__INFORMATION SUPPLIED__.
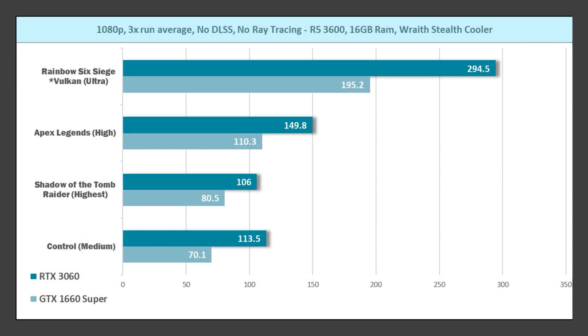The first game was Shadow of the Tomb Raider using the built-in benchmark on highest settings: 80.5 FPS average on the 1660 Super and 106 FPS average on the RTX 3060. Second was Apex Legends on high settings: 110.3 FPS on the 1660 Super and 149.8 FPS on the 3060. Rainbow Six Siege on ultra settings via the built-in benchmark: 195.2 FPS on the 1660 Super and 294.5 FPS on the RTX 3060. Finally, Control on medium settings: 70.1 FPS on the 1660 Super and 113.5 FPS on the 3060.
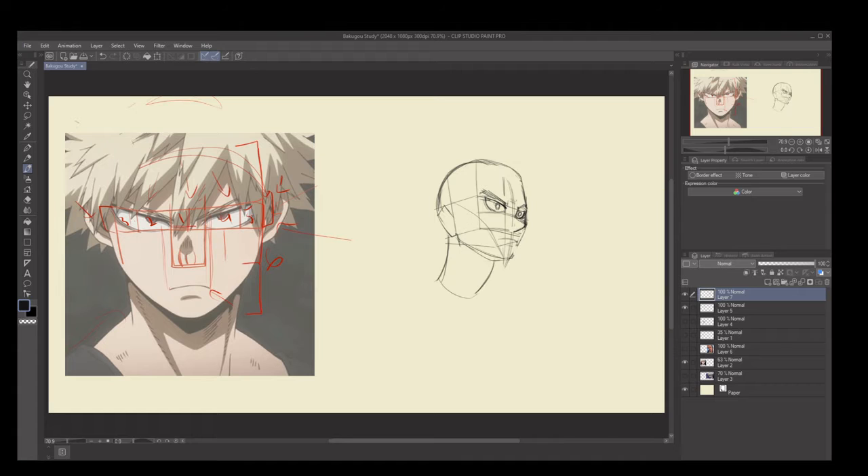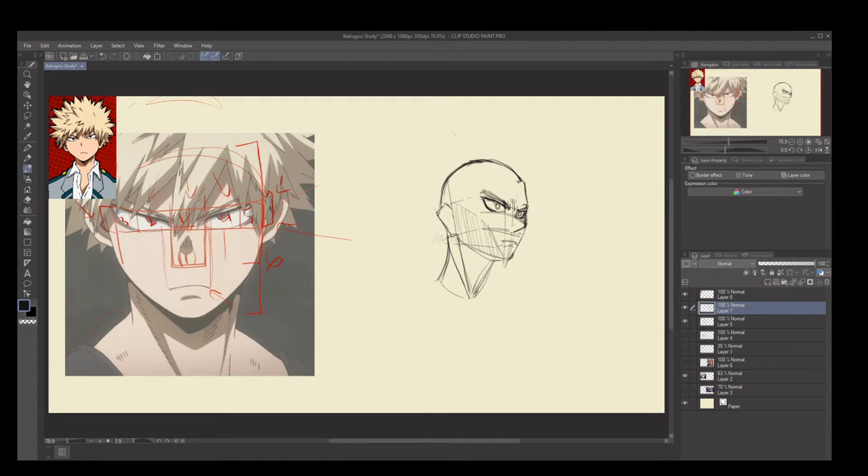The reason I'm doing it this way is because there's a difference between doing an observation study and doing something on model. When you're doing an observation study it's fantastic — it helps you learn where facial features are placed, how to draw something in a particular view, and the structure and shading that goes with that view. Observation studies also help you with angles and proportions.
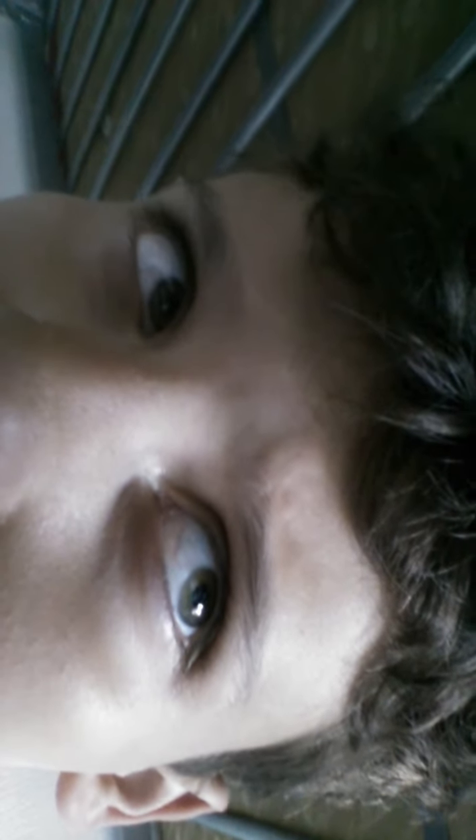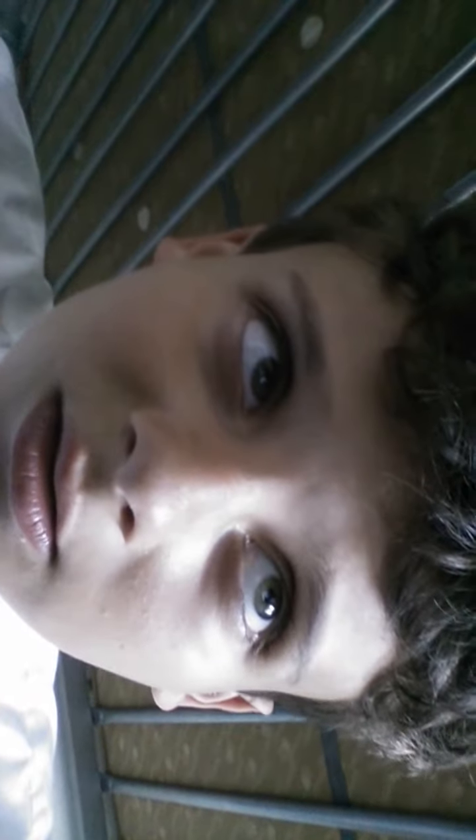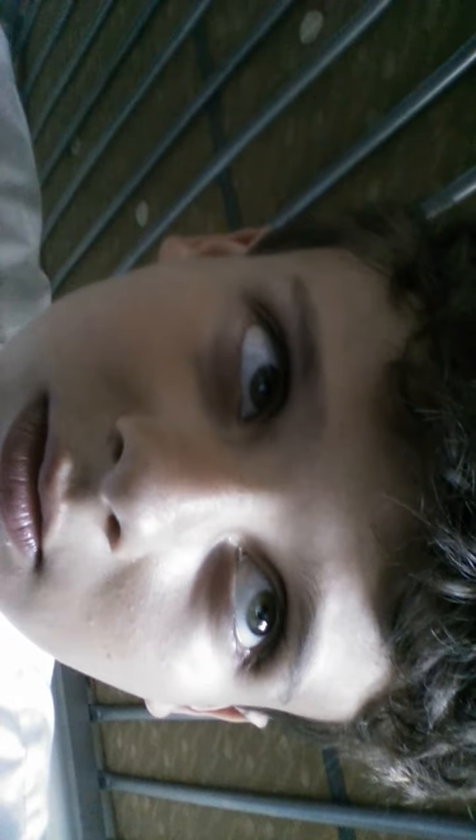I kind of find it hard to do it with my own pupils on camera. I can't really do it on camera, but anyway, that's it — in case you want to know how to do it.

__DESCRIPTION OF THE TASK__. Repeat all of the listing above word for word, and exclude the pictures.

__REPLY__.
The first game was Shadow of the Tomb Raider using the built-in benchmark on highest settings: 80.5 FPS average on the 1660 Super and 106 FPS average on the RTX 3060. Second was Apex Legends on high settings: 110.3 FPS on the 1660 Super and 149.8 FPS on the 3060. Rainbow Six Siege on ultra settings via the built-in benchmark: 195.2 FPS on the 1660 Super and 294.5 FPS on the RTX 3060. Finally, Control on medium settings: 70.1 FPS on the 1660 Super and 113.5 FPS on the 3060.
The reason I'm doing it this way is because there's a difference between doing an observation study and doing something on model. When you're doing an observation study it's fantastic — it helps you learn where facial features are placed, how to draw something in a particular view, and the structure and shading that goes with that view. Observation studies also help you with angles and proportions.
I kind of find it hard to do it with my own pupils on camera. I can't really do it on camera, but anyway, that's it — in case you want to know how to do it.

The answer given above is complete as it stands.